Spreeha Foundation Responds to Intense Flooding of Rohingya Refugee Camps in Bangladesh

Ferdouse Oneza, CEO of Spreeha Foundation recently provided an update from her visit to Rohingya refugee camps in Bangladesh. Her organization, Spreeha, was recently selected by students at the University of Washington to receive a grant of $25,000 to assist with its response to the Rohingya refugee crisis.

Refugee camp

Photo credit: Spreeha Foundation.

“We visited two camps, one in Unciprang, where we already have two early childhood development centers, and another in Balukhali, where we are considering providing additional services,” writes Oneza.

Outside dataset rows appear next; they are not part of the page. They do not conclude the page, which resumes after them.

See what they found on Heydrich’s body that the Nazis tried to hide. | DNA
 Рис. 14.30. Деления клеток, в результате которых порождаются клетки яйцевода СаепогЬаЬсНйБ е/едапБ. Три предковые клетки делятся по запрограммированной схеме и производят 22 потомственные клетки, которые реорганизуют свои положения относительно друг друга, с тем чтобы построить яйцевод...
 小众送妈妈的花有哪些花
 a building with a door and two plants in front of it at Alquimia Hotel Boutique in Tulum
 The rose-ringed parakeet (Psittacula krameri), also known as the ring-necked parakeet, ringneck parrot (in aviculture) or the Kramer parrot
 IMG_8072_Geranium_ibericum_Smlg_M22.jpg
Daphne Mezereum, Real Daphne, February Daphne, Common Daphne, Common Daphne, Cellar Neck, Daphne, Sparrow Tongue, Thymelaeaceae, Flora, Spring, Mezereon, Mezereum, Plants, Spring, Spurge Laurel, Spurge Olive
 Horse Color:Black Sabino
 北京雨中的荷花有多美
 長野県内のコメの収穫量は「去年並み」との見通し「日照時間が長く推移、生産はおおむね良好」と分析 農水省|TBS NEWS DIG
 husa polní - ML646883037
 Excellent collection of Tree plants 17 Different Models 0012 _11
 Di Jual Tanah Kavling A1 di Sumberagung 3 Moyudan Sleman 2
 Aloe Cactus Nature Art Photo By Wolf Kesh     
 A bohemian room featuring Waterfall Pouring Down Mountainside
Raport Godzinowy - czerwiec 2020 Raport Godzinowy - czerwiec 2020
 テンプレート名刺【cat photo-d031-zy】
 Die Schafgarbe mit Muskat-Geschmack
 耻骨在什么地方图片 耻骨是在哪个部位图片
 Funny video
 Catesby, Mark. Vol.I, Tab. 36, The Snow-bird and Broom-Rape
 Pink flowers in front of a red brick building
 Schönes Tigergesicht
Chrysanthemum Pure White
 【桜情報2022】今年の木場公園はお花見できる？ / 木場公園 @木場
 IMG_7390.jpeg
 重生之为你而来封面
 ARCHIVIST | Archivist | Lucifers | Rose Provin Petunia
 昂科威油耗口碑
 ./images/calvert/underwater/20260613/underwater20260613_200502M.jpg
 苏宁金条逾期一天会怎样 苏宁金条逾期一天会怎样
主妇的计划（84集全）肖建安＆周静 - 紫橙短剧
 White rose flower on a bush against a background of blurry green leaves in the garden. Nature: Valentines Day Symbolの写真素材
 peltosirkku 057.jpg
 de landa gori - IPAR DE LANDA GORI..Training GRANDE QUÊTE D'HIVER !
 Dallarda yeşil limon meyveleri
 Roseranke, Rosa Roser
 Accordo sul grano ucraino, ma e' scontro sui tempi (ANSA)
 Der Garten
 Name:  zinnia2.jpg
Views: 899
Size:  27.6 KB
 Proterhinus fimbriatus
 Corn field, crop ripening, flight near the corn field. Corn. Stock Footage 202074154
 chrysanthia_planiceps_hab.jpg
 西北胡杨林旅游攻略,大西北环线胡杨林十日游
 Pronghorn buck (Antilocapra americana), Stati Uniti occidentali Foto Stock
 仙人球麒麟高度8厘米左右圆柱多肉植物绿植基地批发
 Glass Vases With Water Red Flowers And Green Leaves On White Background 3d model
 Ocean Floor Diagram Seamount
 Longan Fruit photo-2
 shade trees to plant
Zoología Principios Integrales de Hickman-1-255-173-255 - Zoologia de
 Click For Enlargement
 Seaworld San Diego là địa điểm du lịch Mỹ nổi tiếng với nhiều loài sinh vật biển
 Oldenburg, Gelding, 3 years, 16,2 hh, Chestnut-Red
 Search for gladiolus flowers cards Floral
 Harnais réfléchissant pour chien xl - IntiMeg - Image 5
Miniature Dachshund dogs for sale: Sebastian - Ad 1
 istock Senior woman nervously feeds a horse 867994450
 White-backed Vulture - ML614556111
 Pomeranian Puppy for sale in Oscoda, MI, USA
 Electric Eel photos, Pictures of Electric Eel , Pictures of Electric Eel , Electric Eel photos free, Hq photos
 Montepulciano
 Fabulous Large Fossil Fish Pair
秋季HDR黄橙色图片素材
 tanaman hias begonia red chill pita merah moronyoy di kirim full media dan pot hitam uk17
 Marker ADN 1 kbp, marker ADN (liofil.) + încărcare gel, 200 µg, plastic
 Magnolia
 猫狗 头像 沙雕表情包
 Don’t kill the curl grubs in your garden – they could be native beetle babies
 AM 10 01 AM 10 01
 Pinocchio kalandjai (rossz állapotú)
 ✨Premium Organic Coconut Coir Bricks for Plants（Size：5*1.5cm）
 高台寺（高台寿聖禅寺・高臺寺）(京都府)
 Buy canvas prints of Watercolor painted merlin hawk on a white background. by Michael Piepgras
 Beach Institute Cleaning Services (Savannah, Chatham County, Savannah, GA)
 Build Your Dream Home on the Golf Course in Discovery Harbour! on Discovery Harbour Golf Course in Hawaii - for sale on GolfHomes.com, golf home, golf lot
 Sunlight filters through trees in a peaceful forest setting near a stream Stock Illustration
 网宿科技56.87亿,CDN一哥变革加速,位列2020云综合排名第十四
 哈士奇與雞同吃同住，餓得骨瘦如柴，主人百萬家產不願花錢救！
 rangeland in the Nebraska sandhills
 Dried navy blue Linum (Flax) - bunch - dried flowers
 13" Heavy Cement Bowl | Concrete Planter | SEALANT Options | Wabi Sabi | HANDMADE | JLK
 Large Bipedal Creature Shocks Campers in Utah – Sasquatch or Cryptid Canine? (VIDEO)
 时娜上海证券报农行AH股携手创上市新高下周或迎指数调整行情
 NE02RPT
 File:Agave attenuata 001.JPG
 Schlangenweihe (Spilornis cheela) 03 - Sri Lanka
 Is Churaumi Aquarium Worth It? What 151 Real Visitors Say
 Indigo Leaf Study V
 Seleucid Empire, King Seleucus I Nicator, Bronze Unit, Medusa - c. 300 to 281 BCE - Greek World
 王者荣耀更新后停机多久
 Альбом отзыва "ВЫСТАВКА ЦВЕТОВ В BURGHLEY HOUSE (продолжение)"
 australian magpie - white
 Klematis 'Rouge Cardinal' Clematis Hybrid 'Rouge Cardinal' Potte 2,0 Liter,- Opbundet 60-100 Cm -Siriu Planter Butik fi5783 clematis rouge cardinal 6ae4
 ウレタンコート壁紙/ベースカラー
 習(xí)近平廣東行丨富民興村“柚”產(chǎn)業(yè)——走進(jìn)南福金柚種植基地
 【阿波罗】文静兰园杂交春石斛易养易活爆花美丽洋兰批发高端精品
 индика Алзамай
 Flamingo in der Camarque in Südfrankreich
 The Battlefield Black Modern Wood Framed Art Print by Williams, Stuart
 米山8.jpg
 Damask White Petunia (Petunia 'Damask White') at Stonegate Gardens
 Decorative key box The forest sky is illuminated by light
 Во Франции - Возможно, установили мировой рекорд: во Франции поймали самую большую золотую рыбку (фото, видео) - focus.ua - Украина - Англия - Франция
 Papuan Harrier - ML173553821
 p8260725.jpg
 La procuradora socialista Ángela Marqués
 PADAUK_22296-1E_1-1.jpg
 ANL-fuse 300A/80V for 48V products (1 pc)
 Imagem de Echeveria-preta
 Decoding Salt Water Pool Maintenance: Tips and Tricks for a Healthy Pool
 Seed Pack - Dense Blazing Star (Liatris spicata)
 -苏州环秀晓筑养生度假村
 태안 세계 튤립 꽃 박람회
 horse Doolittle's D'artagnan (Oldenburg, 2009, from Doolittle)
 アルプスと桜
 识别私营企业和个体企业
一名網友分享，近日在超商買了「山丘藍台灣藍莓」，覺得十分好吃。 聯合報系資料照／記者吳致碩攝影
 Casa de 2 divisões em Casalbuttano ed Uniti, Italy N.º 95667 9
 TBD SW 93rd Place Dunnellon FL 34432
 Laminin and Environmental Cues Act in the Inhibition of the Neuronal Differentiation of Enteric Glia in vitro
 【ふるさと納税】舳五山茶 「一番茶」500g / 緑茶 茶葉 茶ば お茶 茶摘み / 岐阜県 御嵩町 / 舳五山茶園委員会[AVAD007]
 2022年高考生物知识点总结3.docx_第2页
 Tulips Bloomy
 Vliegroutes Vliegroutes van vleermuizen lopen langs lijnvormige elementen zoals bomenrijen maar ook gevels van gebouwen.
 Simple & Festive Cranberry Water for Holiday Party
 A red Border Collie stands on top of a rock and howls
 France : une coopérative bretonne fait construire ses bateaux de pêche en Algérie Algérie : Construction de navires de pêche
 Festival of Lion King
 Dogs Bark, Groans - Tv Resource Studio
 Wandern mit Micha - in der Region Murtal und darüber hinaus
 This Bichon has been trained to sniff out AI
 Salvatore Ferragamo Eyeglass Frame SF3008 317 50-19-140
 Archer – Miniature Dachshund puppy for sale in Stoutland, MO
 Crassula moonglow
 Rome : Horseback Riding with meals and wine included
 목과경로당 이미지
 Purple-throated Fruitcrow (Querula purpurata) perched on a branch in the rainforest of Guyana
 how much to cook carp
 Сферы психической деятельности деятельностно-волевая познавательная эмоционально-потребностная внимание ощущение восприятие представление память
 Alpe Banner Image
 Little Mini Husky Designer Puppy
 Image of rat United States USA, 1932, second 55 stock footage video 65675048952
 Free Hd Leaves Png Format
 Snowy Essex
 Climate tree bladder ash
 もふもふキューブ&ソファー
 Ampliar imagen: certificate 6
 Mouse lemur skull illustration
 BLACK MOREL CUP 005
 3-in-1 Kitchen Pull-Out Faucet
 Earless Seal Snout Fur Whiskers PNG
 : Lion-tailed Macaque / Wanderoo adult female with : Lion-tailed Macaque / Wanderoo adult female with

“It is summer in Bangladesh now, and monsoon season is hitting hard… extremely hot weather ranges from 80 to 100 degree F, at 70% to 90% humidity.”

The refugee camps themselves were set up on a hilly area that has a steep slope.

“Thousands of trees were cut down to make room for the refugee community last year when about 700,000 Rohingyas fled Myanmar to avoid mass killing by the Myanmar military,” Oneza said. “This area has become a land slide hazard area ever since.”

Boy sitting on mat in hut

Photo credit: Spreeha Foundation.

The day before Oneza and her team planned to visit the camps, there had been a mudslide following heavy rains. One of Spreeha’s early childhood development centers, located at the bottom of the slope, was flooded after heavy rains. By the time Oneza arrived, she said the students, teachers and the community had worked to clean it out.

“The soil floor was still wet, but that didn’t prevent the little children from coming to the school,” she said.

Her visit was intense, Oneza said. “We heard stories of the families, some lost their dear ones; many walked for days last year to take shelter.”

The shelters in the camps are stifling in the heat. “We visited some of the huts,” Oneza said. “We were baked inside their intensely hot spaces… One 10 foot by 10 foot space houses an entire family of 10 to 15 members.”

Hut interior

Photo credit: Spreeha Foundation.

Knowing the fate that awaited them if they’d stayed in Myanmar, Oneza said the families “are happy to be safe.” The children, though, miss their “beautiful homes in Myanmar.”

Despite the heartbreaking challenges of the refugee camps currently, Oneza said she was still impressed by the resilience of the community, and the hope of the children.